Critique

Paire de manches

par Didier Péron
publié le 18 juin 2008 à 3h55

Pour résumer l'argument de la Personne aux deux personnes, on peut dire que c'est l'histoire d'un employé ringard dans une société de gestion qui, après avoir été percuté par une bagnole, se réveille du choc avec un chanteur de variété qui fait du bruit dedans sa tête. Jean-Christian Ranu (Daniel Auteuil), qui est bloqué dans les années 70 et la naphtaline Pompidou, toujours habillé d'immondes costumes pattes d'eph en velours marron, a soudain le cockpit investi par l'intrus Gilles Gabriel (Alain Chabat), une «star» des années 80 qui a surtout connu un pic de gloire avec son single Flou de toi(«Comme deux amants, comme deux aimants/J'étais le moins, t'étais le plus/Faut que je fasse le point, j'suis plus focus»).
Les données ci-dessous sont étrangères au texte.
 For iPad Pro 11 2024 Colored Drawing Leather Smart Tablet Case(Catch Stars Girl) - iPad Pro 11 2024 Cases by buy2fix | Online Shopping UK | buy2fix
Après avoir vainement essayé de faire taire cette voix qui ne comprend pas elle-même ce qu'elle fabrique dans ce corps inconnu, les deux entités décident de faire bon ménage. Gilles Gabriel pense même que là où il est, c'est-à-dire immatériel mais toujours bavard, il peut coacher avantageusement Ranu et lui permettre d'avancer dans la hiérarchie (on le menace d'un poste à Bucarest) et surtout de conquérir le coeur de la refroidissante Muriel Perrache, businesswoman très à cheval sur la capacité de leadership de ses subalternes.
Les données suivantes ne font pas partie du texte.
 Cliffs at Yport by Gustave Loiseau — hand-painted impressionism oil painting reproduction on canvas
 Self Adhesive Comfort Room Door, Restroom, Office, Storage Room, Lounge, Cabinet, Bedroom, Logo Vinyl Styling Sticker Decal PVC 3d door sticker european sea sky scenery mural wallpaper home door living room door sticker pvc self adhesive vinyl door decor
Satire. Les auteurs de cette comédie hors normes sont les deux trublions Nicolas et Bruno (lire leur portrait en dernière page), connus des habitués de Canal + pour leurs Messages à caractère informatif, qui détournaient films d'entreprises et spots institutionnels du monde entier, puis leur feuilleton le Bureau, version française de The Office, incursion dans la chouette promiscuité anxiogène du secteur tertiaire. Ils étaient les scénaristes de la version ciné du 99 F de Beigbeder et il était question qu'ils le dirigent avant que la production ne juge plus prudent ou rentable de confier les manettes à Jan Kounen.

Mais entre la satire de l'univers de la pub (dans lequel ils ont baigné, puisqu'ils étaient «créatifs» dans la même agence que Beigbeder) et ce film bizarroïde sur l'entreprise et la culture libérale de la performance, on retrouve la même obsession quasi morbide d'un univers vidé de sens et rempli de signes ou de codes absurdes. La parole n'existe plus que sur le mode du slogan, du sabir préenregistré, du disque rayé, les comportements sont dictés par les caprices du marketing de la mode et la gestion cynique d'un narcissisme partout et tout le temps flatté et mortifié.
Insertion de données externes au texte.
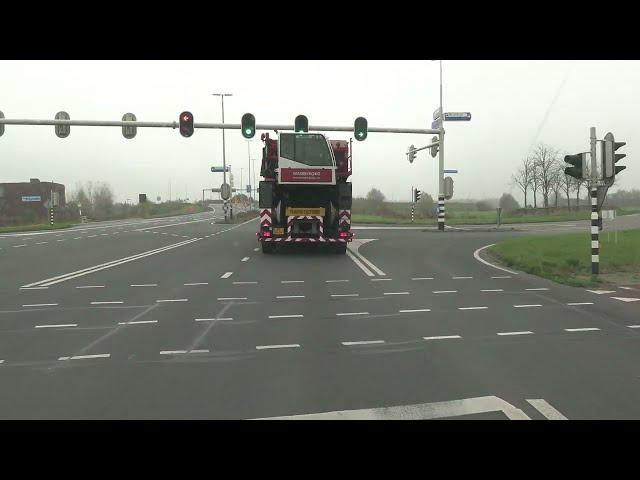 dashcam Winschoten Groningen en terugreis  pallets ophalen. ac500 tonner wagenborg netlift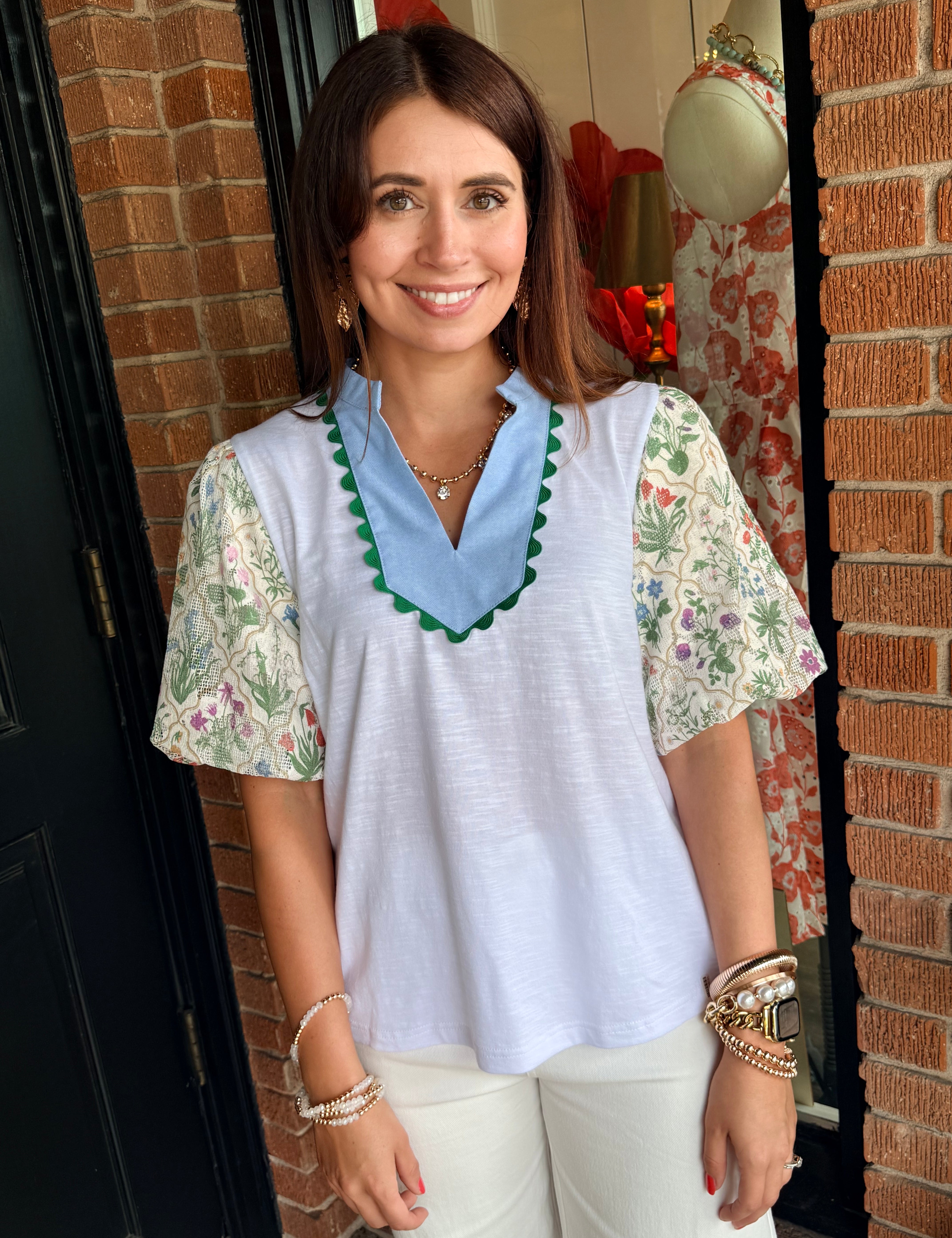 Camryn Floral Top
Bouffon. La figure du lèche-bottes patronal, ridiculisé dans le film de Kounen, devient ici à travers le cas de l'employé dissocié Ranu/Gabriel un individu faible, laid, mais relativement attachant. Parce que ses efforts pour s'adapter aux exigences du paraître et de la gagne qui structurent son entreprise, la COGIP-Défense («une passion commune et unique : la gestion comptable institutionnelle et patrimoniale au quotidien»), à force, dégradent tout le monde et lui procure une aura de bouffon iconoclaste.

Mais comme chez Debord, il n'y a pas ici d'extériorité possible au règne des simulacres. Le rêve consumériste intégral (promu par la pub) et le cauchemar de la standardisation (épinglé par le film) relèvent d'un même monde et le film raconte aussi comment on peut dompter cette schizophrénie.